Thursday, March 11, 2010

What makes an art festival a "Good One"?

A few weekends ago I participated in my first outdoor art festival - The Winter Fine Art Fair at Tioga. I am member of the University of Florida student ceramic group H.O.T (handbuilt or thrown) Clay and the Gainesville Fine Art Association invited us to set up a booth at this year's event. The festival is in its third year, and growing. It rained all day Saturday, but the sun came out for beautiful Sunday afternoon.
Just prior to this, I met someone responsible for organizing a similar event in Ocala, FL. We began discussing festival ideas and planning and it got me thinking.

So, I am asking for advice from artists who have regularly participated in weekend festivals. I will be sharing your comments, so if you prefer, you can email me at

What makes a festival a "good one"?

If it's sales, then how did the organizing committee get the word out to buyers? Or do you believe your sales are independent results and do not coorlate with specific events?

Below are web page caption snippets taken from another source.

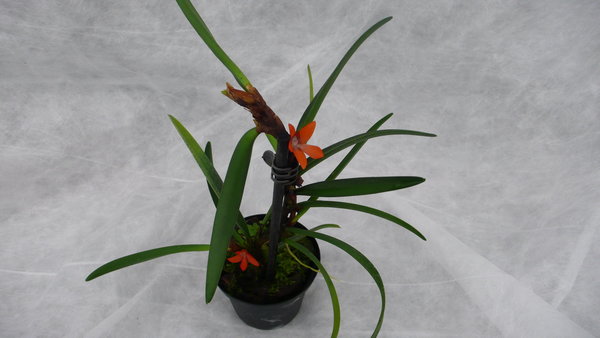 Ceratostylis rubra  - Botanische Orchidee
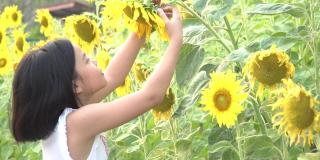 在温柔的阳光下，快乐的亚洲小女孩在盛开的向日葵间嬉戏。孩子和向日葵，夏天，自然和乐趣。夏天的假期。小女孩在闻向日葵。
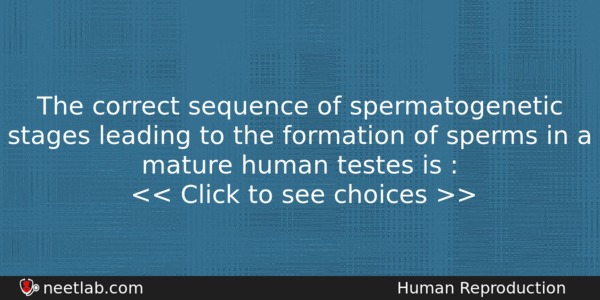 The Correct Sequence Of Spermatogenetic Stages Leading To The Formation Biology Question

Location? Maybe there really is something about escaping to South Florida in February.

Parking? scheduling? help/assistance? communication? reputation? size? quality of other artists exhibited? what is it?!

And, if any artists reading have participated in the Ocala Art Festival hosted in the fall by Fine Arts For Ocala, I would love to know if you have any specific ideas for improving this event.

I thank everyone in advance for your feedback! I am excited about getting more involved in my local art community and will appreciate any suggestions I can pass along to the committee.



-Rob, Simple Circle Studios said...

Kudos on trying to get more involved in your local art scene. This is an excellent topic for discussion. Having participated in a couple of weekend craft fairs I can say that sales are very important to the success of a fair. If there aren't many sales it usually means that there are not many people. It is unbelievably disheartening for vendors (and organizers too, I would assume) to put all that effort into setting something up, then have no one show. Bearing that in mind, I would say that promotion is probably the most important thing to the success of a fair. If people do not know about it, they can't show up. I'm looking forward to hearing other people's take on the subject. And on a related topic, as an artist how do you find the good fairs and avoid the bad ones?

Meagan Chaney said...

Excellent point Rob! Thanks! I agree that promotion helps get people to the show. And to add to that - it would be helpful to know where your promotion efforts/money are best spent.

Good question about how artists hear about the good shows. I imagine it's mostly word of mouth. But I've also hear of people who do all the shows that are organized by a particular group. Wish I could remember the name. Anyone else know?